The tea comes as long, deep green needles with areas of blue-green. The smell of the dry leaves is overpowered by a “tropical fruit” aroma. I can’t put my finger on it: mango, raisins, fruit-stripe gum? I put my nose right in the top of the open tin to get any green tea smell.
I steeped my first cup at 175F for 3 min. With the strong “tropical fruit” aroma of the leaves in the tin, I am ready for a bland green tea taste overpowered by overly sweet “tropical fruit” flavor. I am wrong. The aroma over the brewing cup smelled of pineapple over green tea. When sipping, this one had a fruity aroma over the cup, and a green tea taste with the fruit coming in second and a sweet aftertaste. The green tea taste gives me mostly seaweed, with faint bitter and very faint astringency. The color is golden-green.

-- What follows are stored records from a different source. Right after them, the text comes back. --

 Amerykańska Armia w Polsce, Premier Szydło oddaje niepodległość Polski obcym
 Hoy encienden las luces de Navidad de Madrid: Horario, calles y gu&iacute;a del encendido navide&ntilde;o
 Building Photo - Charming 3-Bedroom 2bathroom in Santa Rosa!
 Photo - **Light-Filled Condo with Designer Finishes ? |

I steeped a second batch of leaves at 165F for 5 min. The green tea is now greener in color, and the taste profile starts out with bitter from the tea, then a light fruit aftertaste. I smelled a nutty aroma in the leaves but it doesn’t appear in the brewed tea. There is no seaweed present. It leaves my mouth with a faint astringency. These flavors all seem well balanced steeped at this temperature.

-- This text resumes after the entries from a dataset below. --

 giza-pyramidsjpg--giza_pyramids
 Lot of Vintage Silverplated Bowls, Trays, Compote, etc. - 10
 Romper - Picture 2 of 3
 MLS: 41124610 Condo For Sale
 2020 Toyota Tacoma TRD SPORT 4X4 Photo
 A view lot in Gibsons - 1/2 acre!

I don’t know what “tropical flavors” listed on the ingredients means, and this is a little off-putting to me. It doesn’t taste specifically like pineapple or mango, but I will finish the tin and would consider buying this again. It is a nice one to have handy that seems to steep well at the temperature of the office’s coffee maker hot water spout. The 165F is the one I liked better, so I will rate based on the cup made at this temperature.